A report published by the Institute and Faculty of Actuaries in November 2011 entitled Responding to the Dilnot Commission: Information Gathering Regarding Long Term Care in Ten Countries presents a chart comparing the extent of funding of long term care (LTC) for the ten countries reviewed. At one extreme is Norway, with a comprehensive system financed by the state from taxation. At the other end of the spectrum is Germany, which uses a compulsory funded national insurance system to deliver a comprehensive system of universal care. The remaining countries lie in between these two extremes, with a combination of state provision, self-funding and private insurance. If implemented, the recommendations of the Dilnot Commission, which apply to England, would remove some of the uncertainty associated with the expenses an individual could be expected to self-fund. There would be a lifetime cap on the amount that an individual could pay for care expenses and an annual limit on the contribution an individual would be required to pay for general living costs. Moreover, eligible expenses would be well defined.
Various reports have recommended that England provide a better organised system of LTC provision, but they have not been implemented because they have been judged too costly, among reasons given. Moreover, there is considerable housing wealth held by the population, especially those age 55 and up. Issues of inter-generational fairness have been raised against expanding state provision for LTC, instead of requiring this generation to use some of its housing wealth.
This paper outlines how housing wealth might be released to help fund LTC costs, while the LTC recipients were able to remain living in their own homes. It will refer to previous work on home-equity release by the author and to a discussion paper by the International Longevity Centre UK entitled A National Care Fund for Long-Term Care that incorporates property wealth in the financing of LTC.

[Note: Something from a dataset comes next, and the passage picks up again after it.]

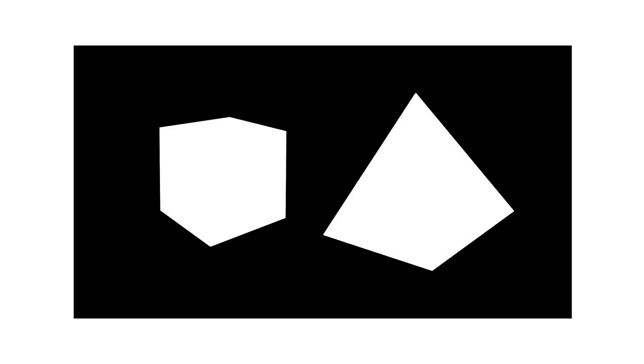The stencil buffer is a 2D buffer of integers with the same dimensions as the viewport. For each pixel in the viewport that your geometry covers, you can set a value in the stencil buffer between 0 and 255. You can also read from the stencil buffer and modify your rendering based on what's currently there.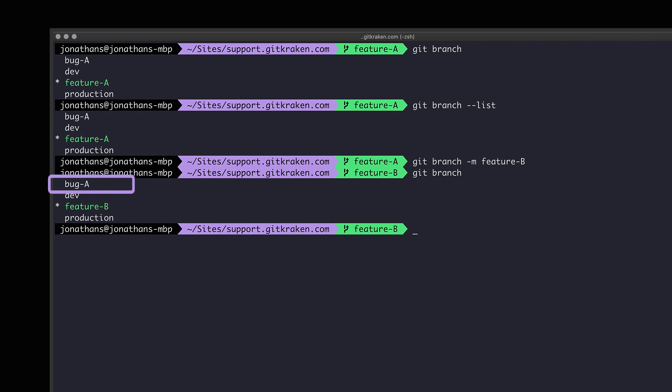To rename a different branch from the one you have checked out, run the command git branch followed by -m and then the current name of the branch followed by the new name of the branch.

This research paper outlines the public-private partnership (PPP) model developed for the GAVI Alliance (GAVI) and its financing through the International Finance Facility for Immunisation (IFFIm) and suggests how elements of that model might be incorporated in a PPP approach to LTC. Whereas the IFFIm approach securitises government commitments to provide cash for immunisations, this paper shows how property of those requiring LTC could be securitised to unlock home equity and support their LTC requirements. The Dilnot recommendations would provide a useful framework to facilitate such an approach. Moreover, just as the securities created by the IFFIm are able to be sold at a lower yield because of their socially responsible characteristics, so might the securities described herein be considered socially responsible and sold at a lower yield. A longevity swap might further enhance the product.